GLITR Editor Matt Roush (left) visits Innovative Composites in Sault Ste. Marie with general manager Chris Olson.

SAULT STE. MARIE — Michigan’s oldest city dates back to the 1660s. Its most famous feature, locks that get freighters around treacherous rapids between Lake Superior and the Lake Michigan-Huron system, date back to the 1850s.

But stay tuned. Sault Ste. Marie, the Rapids of St. Mary, might just be famous for something else pretty soon, something at the farthest reaches of technology.

At least, that’s the hope of Kristen Claus, executive director of the Sault Ste. Marie Economic Development Corp., and host of other Soo locals I met with Friday, Day Two of the Great Lakes Innovation and Technology Report 2012 Spring Tech Tour.

We started the day at Claus’ modest office in Michigan’s oldest business incubator — built by Lake Superior State University, the local college, in 1971, and taken over by the city a few years later.

Claus has been on the job since January 2011 after working two years for the city planning department. Her undergraduate degree, from Western Michigan University, was in aviation management, and she originally wanted to be an air traffic controller. But the federal feud over air traffic controllers squashed that idea, so she went back to school at Eastern Michigan in urban and regional planning. Then she moved to Sault Ste. Marie and got the city job.

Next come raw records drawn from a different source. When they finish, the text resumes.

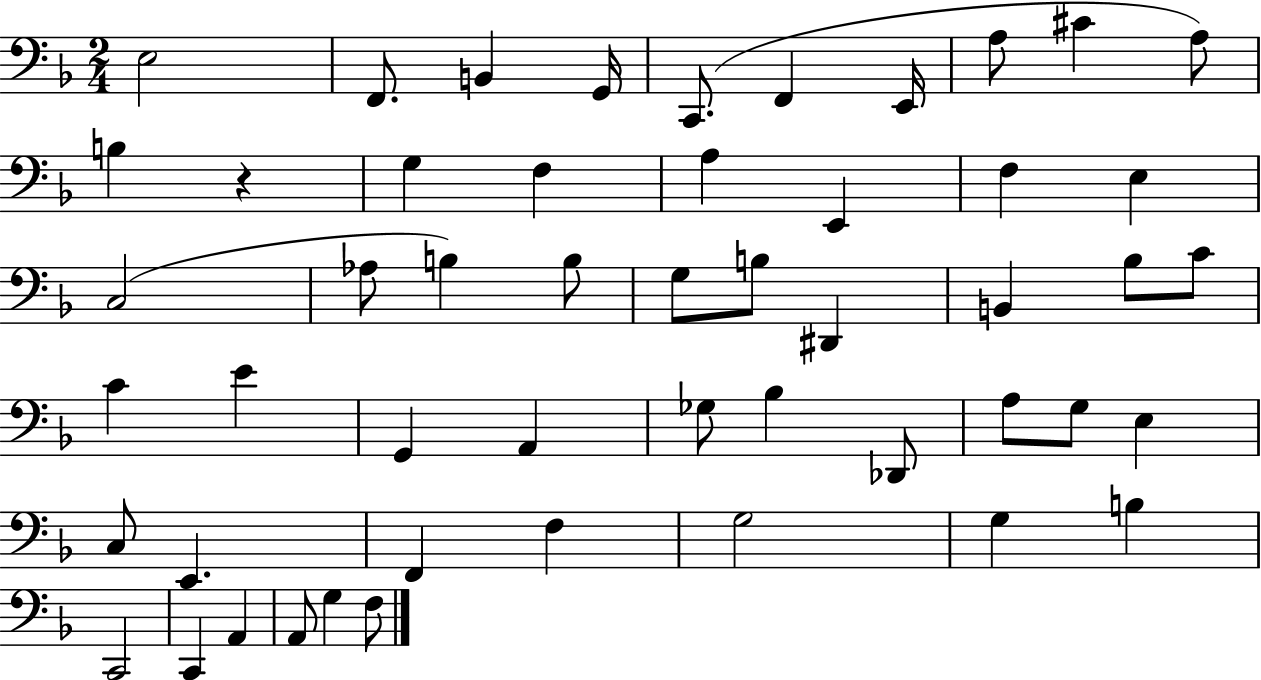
X:1
T:Untitled
M:2/4
L:1/4
K:F
E,2 F,,/2 B,, G,,/4 C,,/2 F,, E,,/4 A,/2 ^C A,/2 B, z G, F, A, E,, F, E, C,2 _A,/2 B, B,/2 G,/2 B,/2 ^D,, B,, _B,/2 C/2 C E G,, A,, _G,/2 _B, _D,,/2 A,/2 G,/2 E, C,/2 E,, F,, F, G,2 G, B, C,,2 C,, A,, A,,/2 G, F,/2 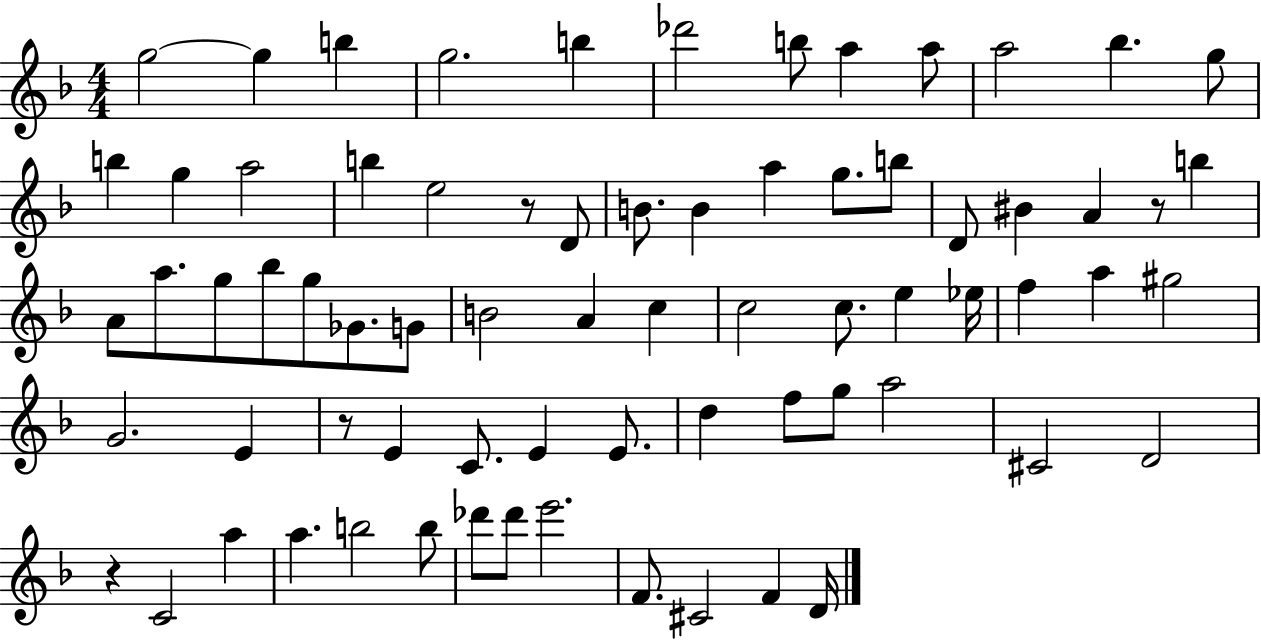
G5/h G5/q B5/q G5/h. B5/q Db6/h B5/e A5/q A5/e A5/h Bb5/q. G5/e B5/q G5/q A5/h B5/q E5/h R/e D4/e B4/e. B4/q A5/q G5/e. B5/e D4/e BIS4/q A4/q R/e B5/q A4/e A5/e. G5/e Bb5/e G5/e Gb4/e. G4/e B4/h A4/q C5/q C5/h C5/e. E5/q Eb5/s F5/q A5/q G#5/h G4/h. E4/q R/e E4/q C4/e. E4/q E4/e. D5/q F5/e G5/e A5/h C#4/h D4/h R/q C4/h A5/q A5/q. B5/h B5/e Db6/e Db6/e E6/h. F4/e. C#4/h F4/q D4/s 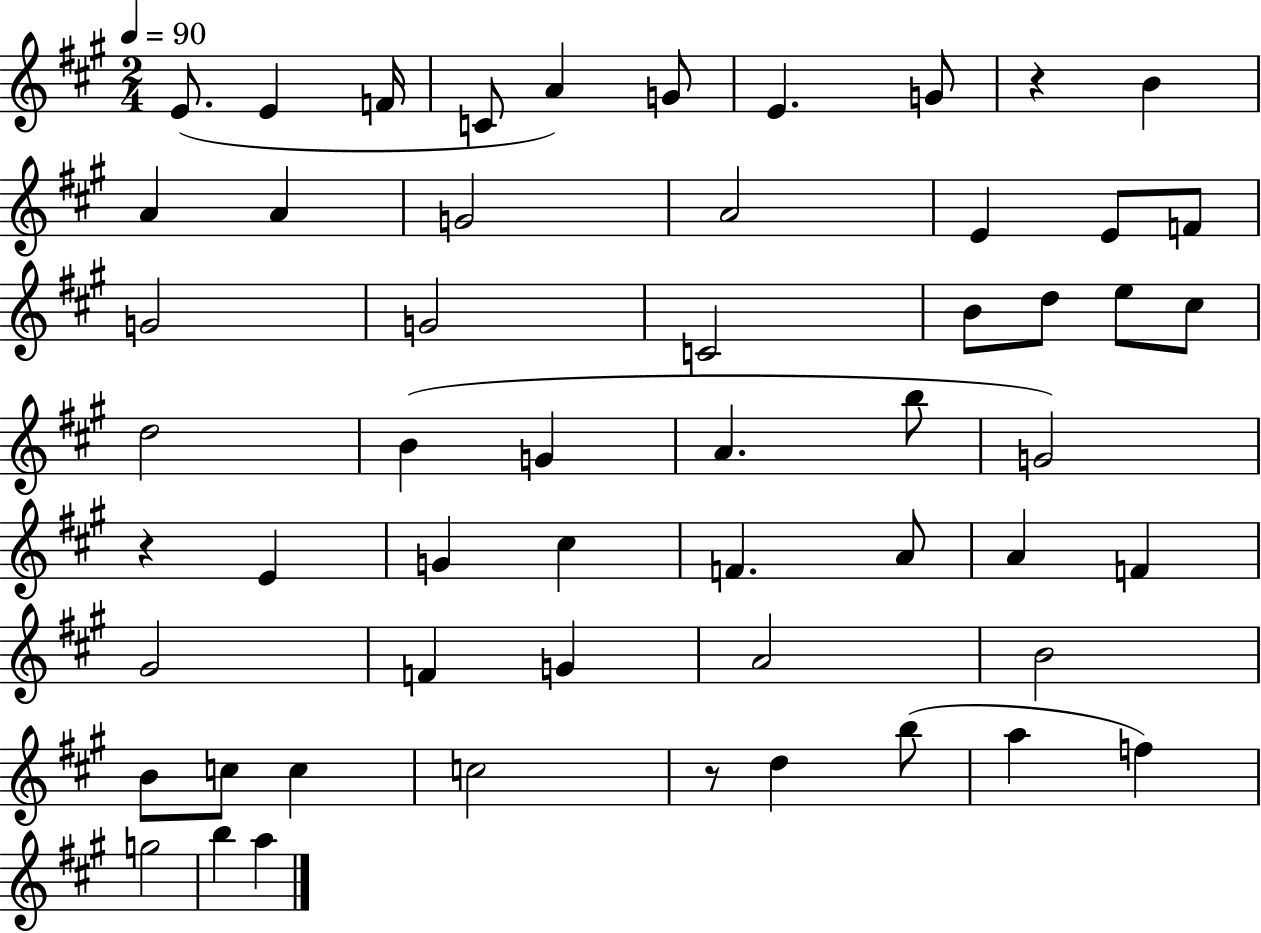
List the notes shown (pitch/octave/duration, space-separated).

E4/e. E4/q F4/s C4/e A4/q G4/e E4/q. G4/e R/q B4/q A4/q A4/q G4/h A4/h E4/q E4/e F4/e G4/h G4/h C4/h B4/e D5/e E5/e C#5/e D5/h B4/q G4/q A4/q. B5/e G4/h R/q E4/q G4/q C#5/q F4/q. A4/e A4/q F4/q G#4/h F4/q G4/q A4/h B4/h B4/e C5/e C5/q C5/h R/e D5/q B5/e A5/q F5/q G5/h B5/q A5/q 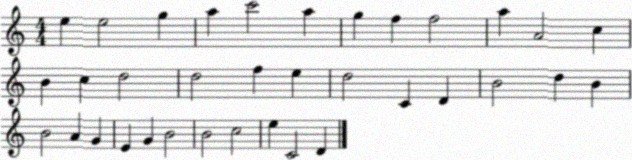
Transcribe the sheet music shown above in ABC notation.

X:1
T:Untitled
M:4/4
L:1/4
K:C
e e2 g a c'2 a g f f2 a A2 c B c d2 d2 f e d2 C D B2 d B B2 A G E G B2 B2 c2 e C2 D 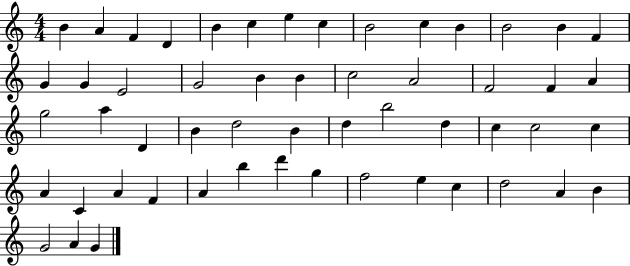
X:1
T:Untitled
M:4/4
L:1/4
K:C
B A F D B c e c B2 c B B2 B F G G E2 G2 B B c2 A2 F2 F A g2 a D B d2 B d b2 d c c2 c A C A F A b d' g f2 e c d2 A B G2 A G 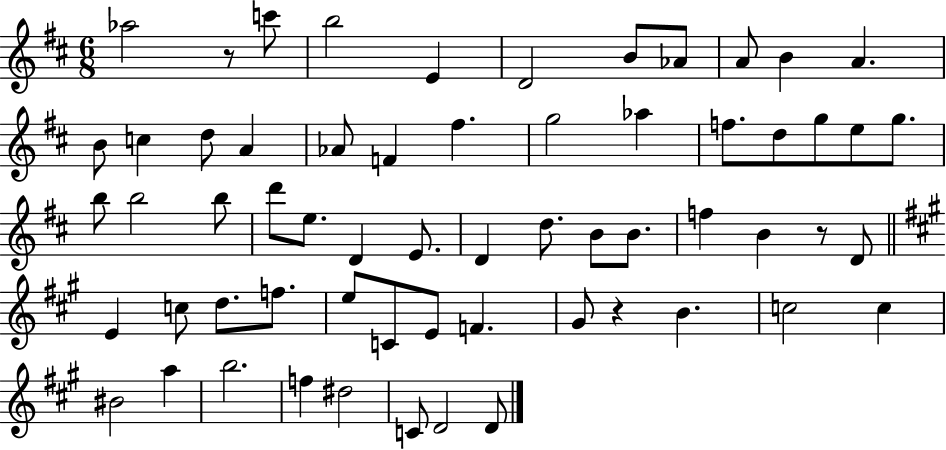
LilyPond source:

{
  \clef treble
  \numericTimeSignature
  \time 6/8
  \key d \major
  aes''2 r8 c'''8 | b''2 e'4 | d'2 b'8 aes'8 | a'8 b'4 a'4. | \break b'8 c''4 d''8 a'4 | aes'8 f'4 fis''4. | g''2 aes''4 | f''8. d''8 g''8 e''8 g''8. | \break b''8 b''2 b''8 | d'''8 e''8. d'4 e'8. | d'4 d''8. b'8 b'8. | f''4 b'4 r8 d'8 | \break \bar "||" \break \key a \major e'4 c''8 d''8. f''8. | e''8 c'8 e'8 f'4. | gis'8 r4 b'4. | c''2 c''4 | \break bis'2 a''4 | b''2. | f''4 dis''2 | c'8 d'2 d'8 | \break \bar "|."
} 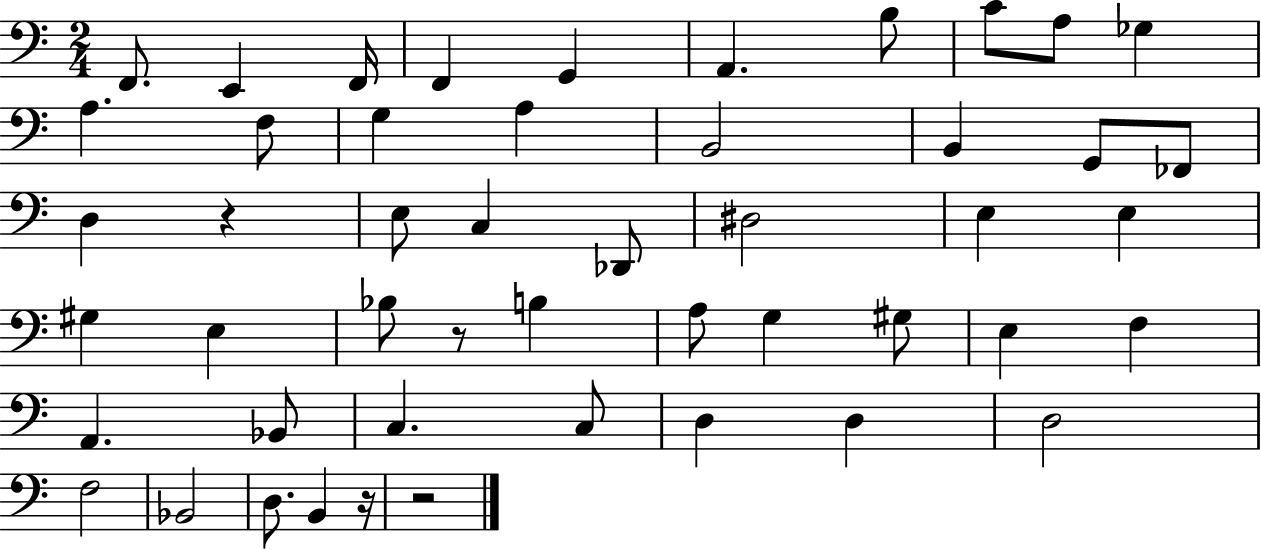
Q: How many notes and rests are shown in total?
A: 49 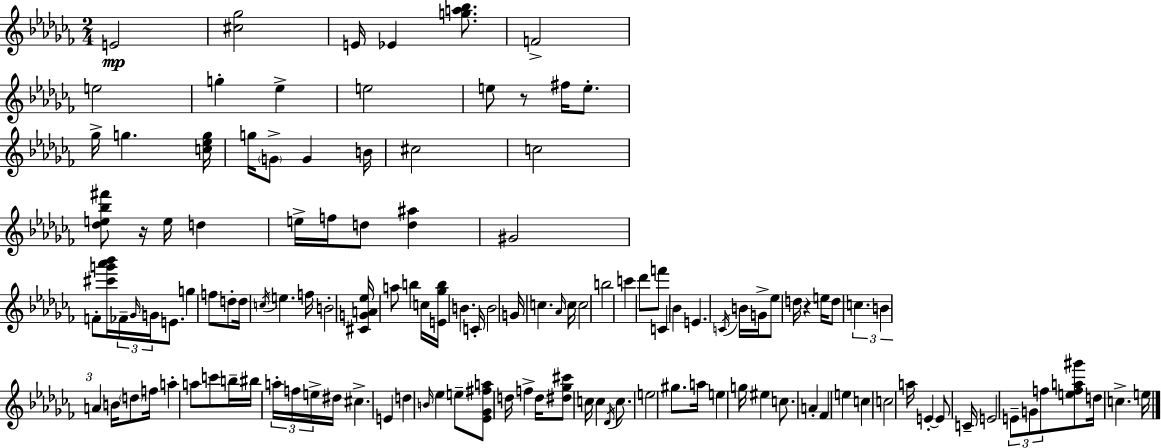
{
  \clef treble
  \numericTimeSignature
  \time 2/4
  \key aes \minor
  e'2\mp | <cis'' ges''>2 | e'16 ees'4 <g'' a'' bes''>8. | f'2-> | \break e''2 | g''4-. ees''4-> | e''2 | e''8 r8 fis''16 e''8.-. | \break ges''16-> g''4. <c'' ees'' g''>16 | g''16 \parenthesize g'8-> g'4 b'16 | cis''2 | c''2 | \break <des'' e'' bes'' fis'''>8 r16 e''16 d''4 | e''16-> f''16 d''8 <d'' ais''>4 | gis'2 | f'8-. <cis''' g''' aes''' bes'''>16 \tuplet 3/2 { fes'16-- \grace { ges'16 } g'16 } e'8. | \break g''4 f''8 d''8-. | d''16 \acciaccatura { c''16 } e''4. | f''16 b'2-. | <cis' g' a' ees''>16 a''8 b''4 | \break c''16 <e' ges'' b''>16 b'4. | c'16-. b'2 | g'16 c''4. | \grace { aes'16 } c''16 c''2 | \break b''2 | c'''4 des'''8 | f'''8 c'4 bes'4 | e'4. | \break \acciaccatura { c'16 } b'16 g'16-> ees''8 d''16 r4 | e''16 d''8 \tuplet 3/2 { c''4. | b'4 | a'4 } b'16 \parenthesize d''8 f''16 | \break a''4-. a''8 c'''8 | b''16-- bis''16 \tuplet 3/2 { a''16-. f''16 e''16-> } dis''16 cis''4.-> | e'4 | d''4 \grace { b'16 } ees''4 | \break e''8-- <ees' ges' fis'' a''>8 d''16 f''4-> | d''16 <dis'' ges'' cis'''>8 c''16 c''4 | \acciaccatura { des'16 } c''8. e''2 | gis''8. | \break a''16 e''4 g''16 eis''4 | c''8. a'4-. | fes'4 e''4 | c''4 c''2 | \break a''16 e'4-.~~ | e'8 c'16-- e'2 | \tuplet 3/2 { e'8-- | g'8 f''8 } <e'' f'' a'' gis'''>8 d''16 c''4.-> | \break e''16 \bar "|."
} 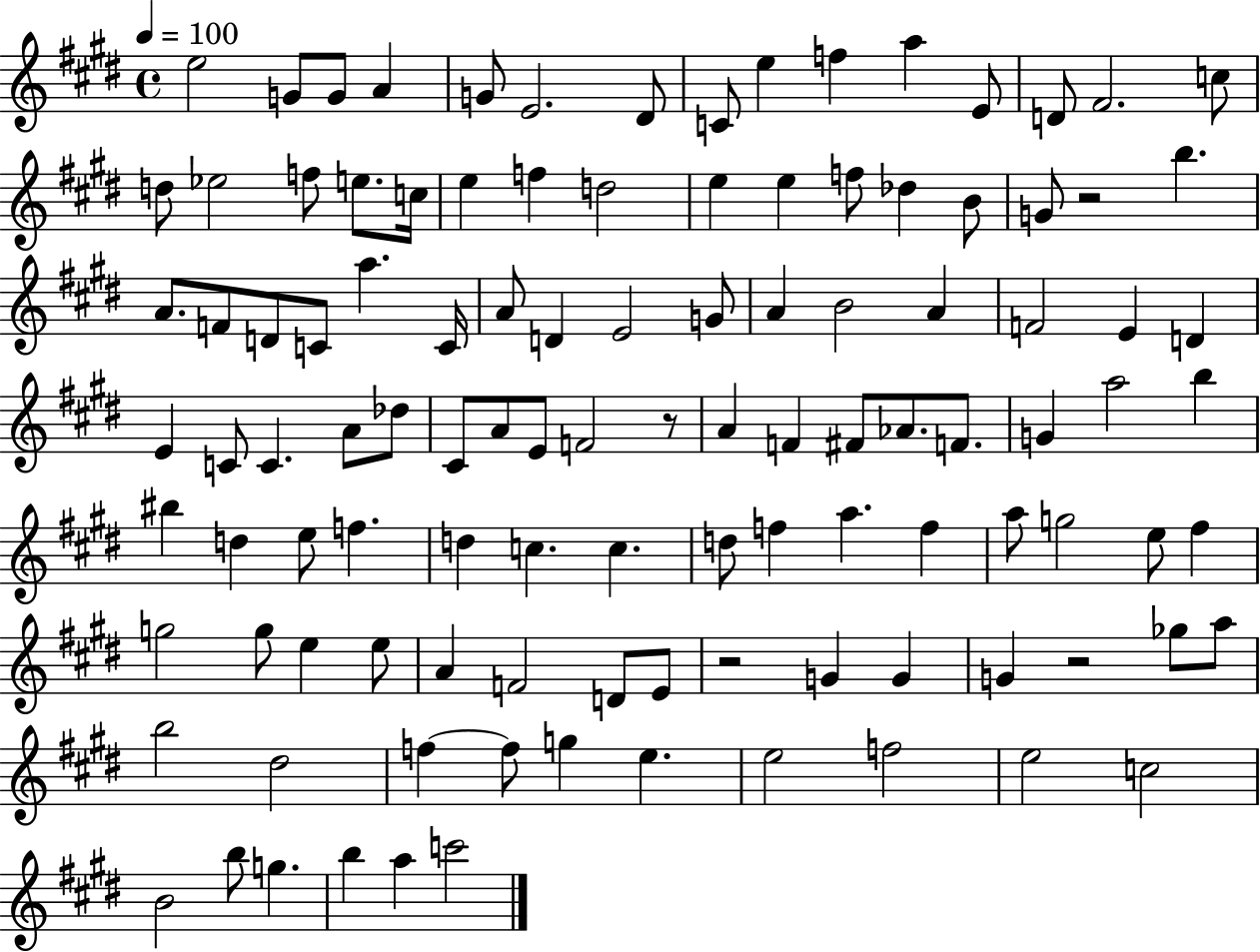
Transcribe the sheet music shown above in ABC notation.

X:1
T:Untitled
M:4/4
L:1/4
K:E
e2 G/2 G/2 A G/2 E2 ^D/2 C/2 e f a E/2 D/2 ^F2 c/2 d/2 _e2 f/2 e/2 c/4 e f d2 e e f/2 _d B/2 G/2 z2 b A/2 F/2 D/2 C/2 a C/4 A/2 D E2 G/2 A B2 A F2 E D E C/2 C A/2 _d/2 ^C/2 A/2 E/2 F2 z/2 A F ^F/2 _A/2 F/2 G a2 b ^b d e/2 f d c c d/2 f a f a/2 g2 e/2 ^f g2 g/2 e e/2 A F2 D/2 E/2 z2 G G G z2 _g/2 a/2 b2 ^d2 f f/2 g e e2 f2 e2 c2 B2 b/2 g b a c'2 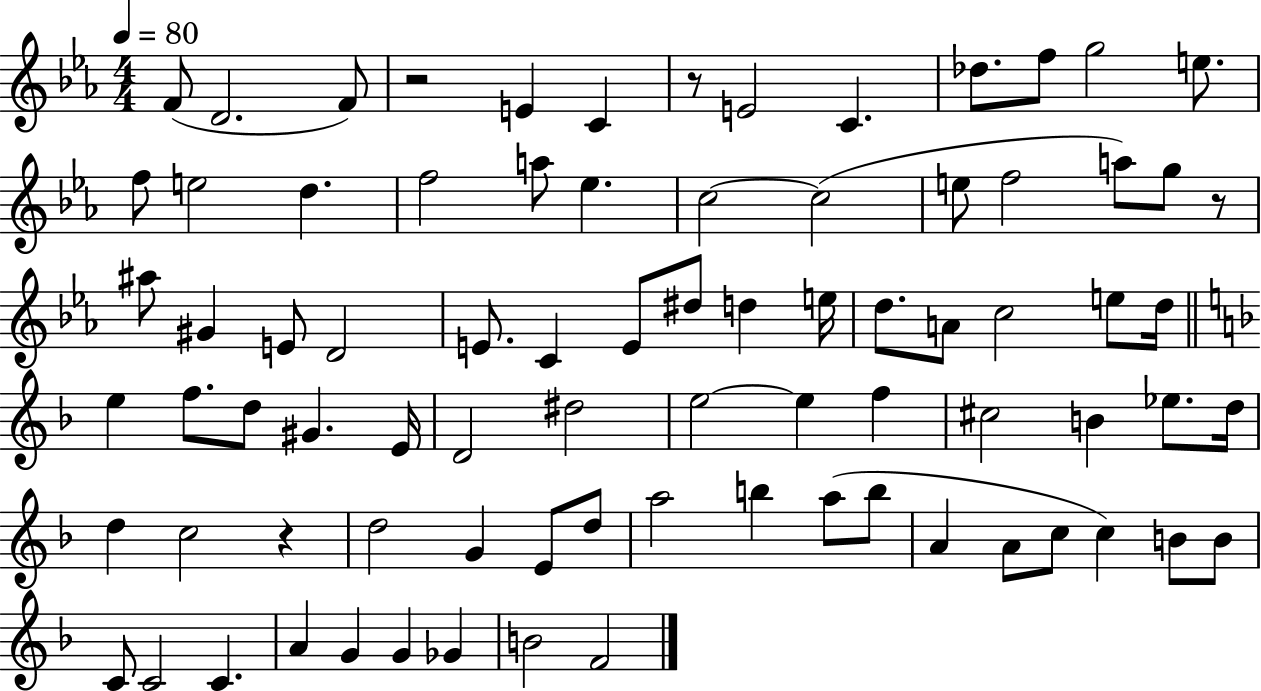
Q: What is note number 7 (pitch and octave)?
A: C4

The Sault EDC has the usual mission — support existing businesses, attract new ones, help with work force skill development, and grow the wealth of the community through job creation. It’s funded by city tax dollars, and that’s not as much of a problem in Sault Ste. Marie as it is elsewhere because its property values haven’t crashed to the extent they have in other places (perhaps because they never rose unsustainably before the crash).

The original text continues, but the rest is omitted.